The trial judge failed to issue an opinion setting forth the rationale upon which he changed the jury's verdict, and we are thus deprived of any insight the trial judge might have gathered in making his determination that the evidence did not support the verdict. The rule is clear that, if there is any credible evidence which under any reasonable view fairly admits of inferences which support the jury's verdict, the verdict must be sustained, and neither the trial court nor this court may tamper with it. Doern v. Crawford (1967), 36 Wis.2d 470, 476, 153 N.W.2d 581; Rodenkirch v. Johnson (1960), 9 Wis.2d 245, 248, 101 N.W.2d 83;
"`. . . The question here is, Is there credible evidence to sustain the verdict? If there is, even though it be contradicted and the contradictory evidence be stronger and more convincing, nevertheless the verdict of the jury must stand. The credibility of witnesses and the weight of the evidence are for the jury. The court does not retry the question. The court merely ascertains whether there is credible evidence to sustain the verdict. . . .'"
The question properly posed to the jury was whether Gertrude Bergmann was negligent. The trial court properly defined negligence as the "failure to exercise ordinary care . . . that degree of care which under the same or similar circumstances, the great mass of mankind would ordinarily exercise."

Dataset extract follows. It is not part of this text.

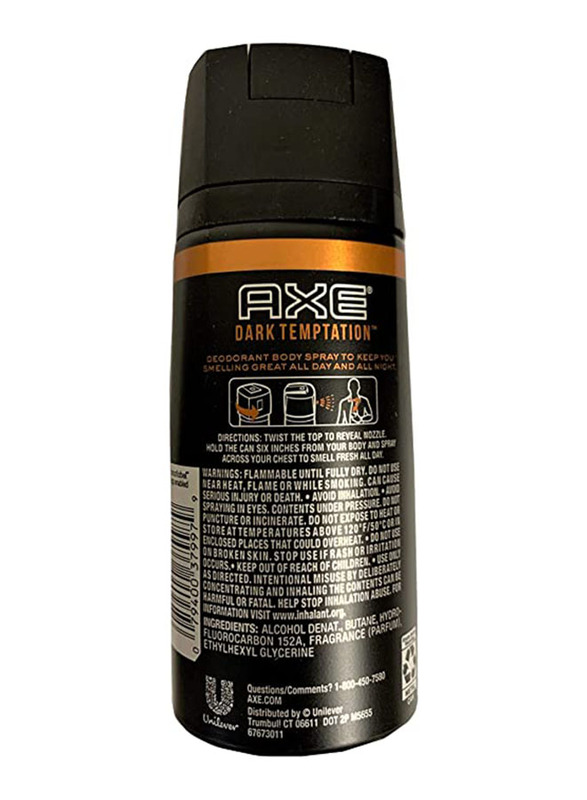 AXE Dark Temptation Body Spray Deodorant for Men, 4 x 113g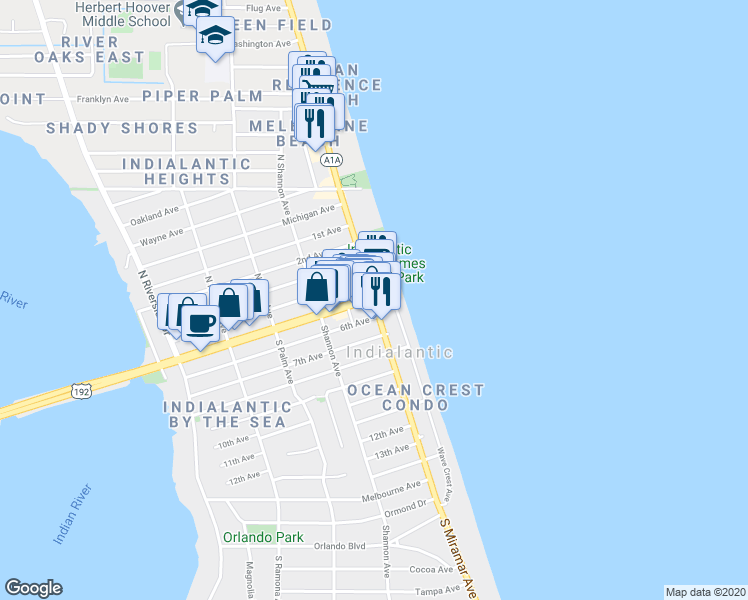 map of restaurants, bars, coffee shops, grocery stores, and more near 3 South Highway A1A in Indialantic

The record is replete with evidence from which the jury could properly conclude Gertrude Bergmann had failed to exercise ordinary care. She stopped her car on a downslope of an icy incline. She knew that the road was slippery and testified that she had skidded before
Since the record contains credible evidence from which the jury could have concluded that Gertrude Bergmann was negligent, it was error for the trial court to change the jury's determination, and the verdict must be reinstated.
Although implicit in the trial judge's reversal of the jury's verdict is the finding that the negligence was disproportionate, we cannot conclude that it was so disproportionate as to be unreasonable or shocking to the conscience of this court.
By the Court.—Judgment reversed and the cause remanded with directions to reinstate the verdict and for judgment upon the verdict as reinstated.